The pace of existing home sales fell in August for the sixth straight month to the lowest rate in five years as many prospective buyers were turned away by lenders, the National Association of Realtors said on Tuesday.
While that weak sales number clearly indicates a present-day slump, gloomy consumer sentiment and signs of bloated inventory point to more troubled times ahead.
The number of existing single-family homes on the market hit a record in August, while a gauge of consumers' desire to buy a home hit the lowest point since March 1996. Both pieces of data signal more near-term problems for the housing sector, said David Berson, the chief economist at Fannie Mae.
People know that home sales are slow and that this is not the best time to sell a house. Newspapers' reports on problems in financial markets are reducing the appetite for real estate purchases, he said.
A much-publicized spike in the number of late and failing home loans has shaken the confidence of mortgage investors and potential homeowners alike, Berson noted.
On a rolling 12-month average, the percentage of people who say they plan to buy a house in the next 6 months is the lowest in 11.5 years, according to the Confidence Board's U.S. consumer confidence report, released on Tuesday.
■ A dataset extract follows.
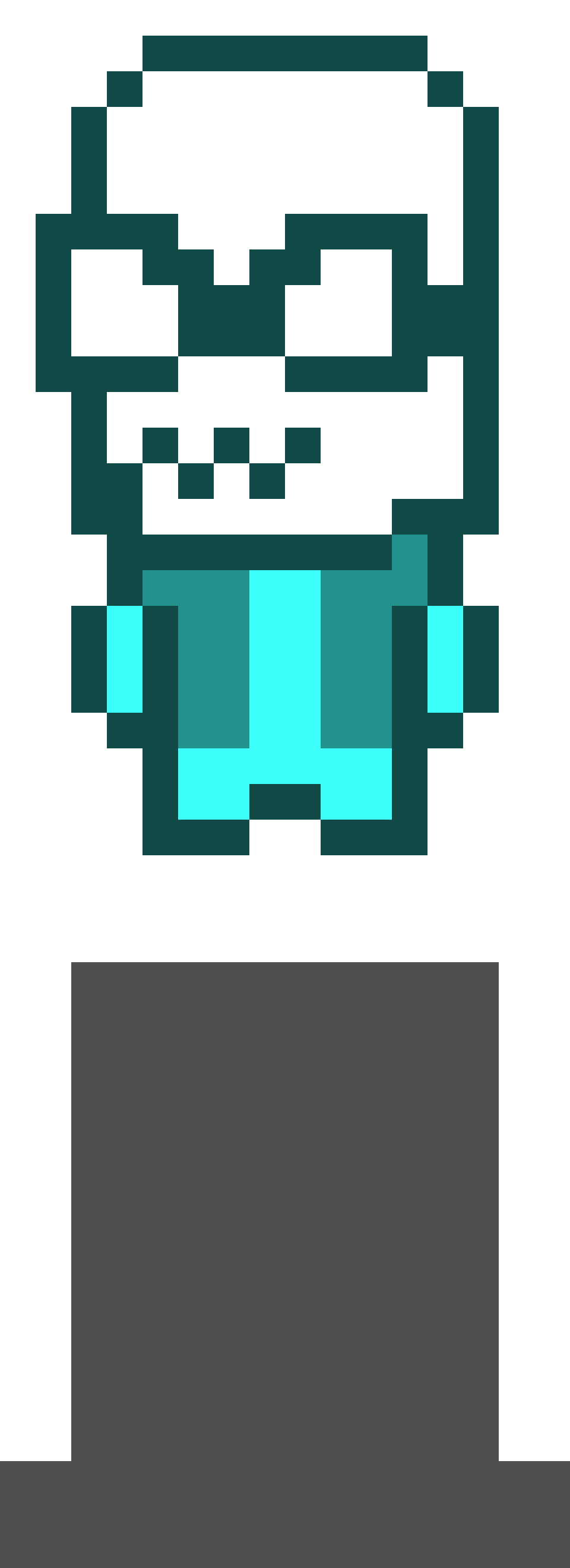 [9664c4] g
Most economists don't view sentiment as a separate indicator, but you can view it as a nice summary of these other factors, Berson said. Clearly it is not favorable, whatever rating you give it.
While many would-be buyers are turning away from the market, far too many sellers are listing their homes at an inflated price said Stephen Stanley, chief economist for RBS Capital Markets, Greenwich, Connecticut.
Many of these sellers are not highly motivated. They are living in their homes. Still, presumably we are going to have to see a pick-up in sales to cut into the backlog of homes, he said.
While the national median price of an existing home barely changed in August, that should not be seen as a strictly positive sign for the market since a drop in price would surely spur sales and help clear the housing backlog.
The supply of homes has to dip below 6 months' worth before owners begin to see steady appreciation, and stubborn sellers who refuse to lower their prices may be stalling a recovery, said Eric Belsky, executive director at Harvard University's Joint Center for Housing Studies in Cambridge, Massachusetts.
There are a lot of people who have their homes on the market and who do not have a compunction to sell, he said.